◆ EXERCISE PROMPT ◆
Could you return the data that follows exactly, minus the images?

◆ DATA TO USE ◆
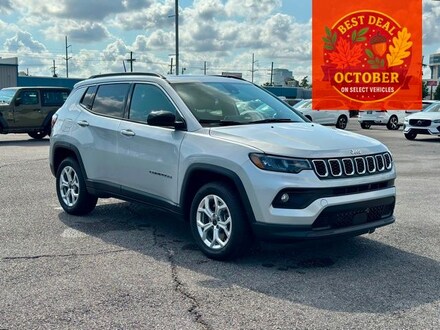 2025 Jeep Compass Latitude Sport Utility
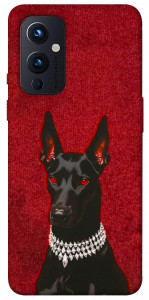 Чехол Premium doberman для OnePlus 9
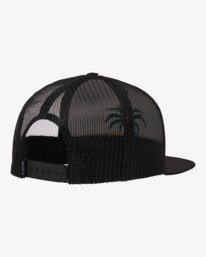 3 Resort Inc - Casquette trucker pour Homme Multi EVYHA03018 RVCA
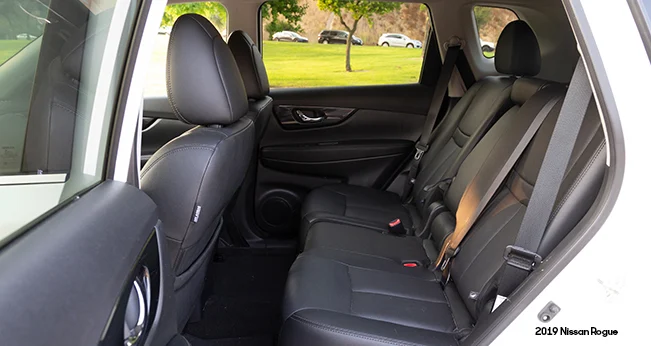 Nissan Rogue Review: Back seats | CarMax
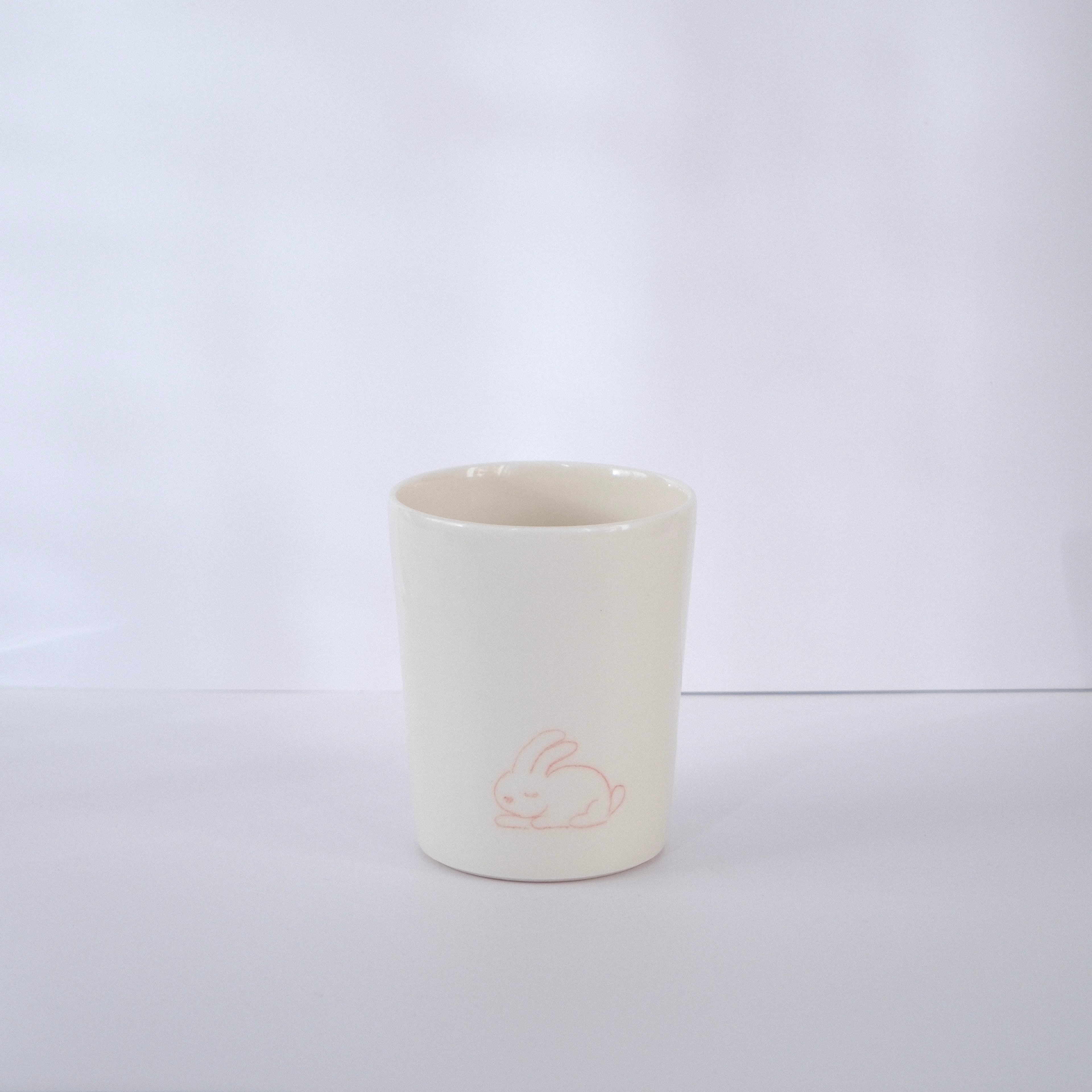 Bunny Tumbler - Red - 250ml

◆ SOLUTION TO THE EXERCISE ◆
 2025 Jeep Compass Latitude Sport Utility
 Чехол Premium doberman для OnePlus 9
 3 Resort Inc - Casquette trucker pour Homme Multi EVYHA03018 RVCA
 Nissan Rogue Review: Back seats | CarMax
 Bunny Tumbler - Red - 250ml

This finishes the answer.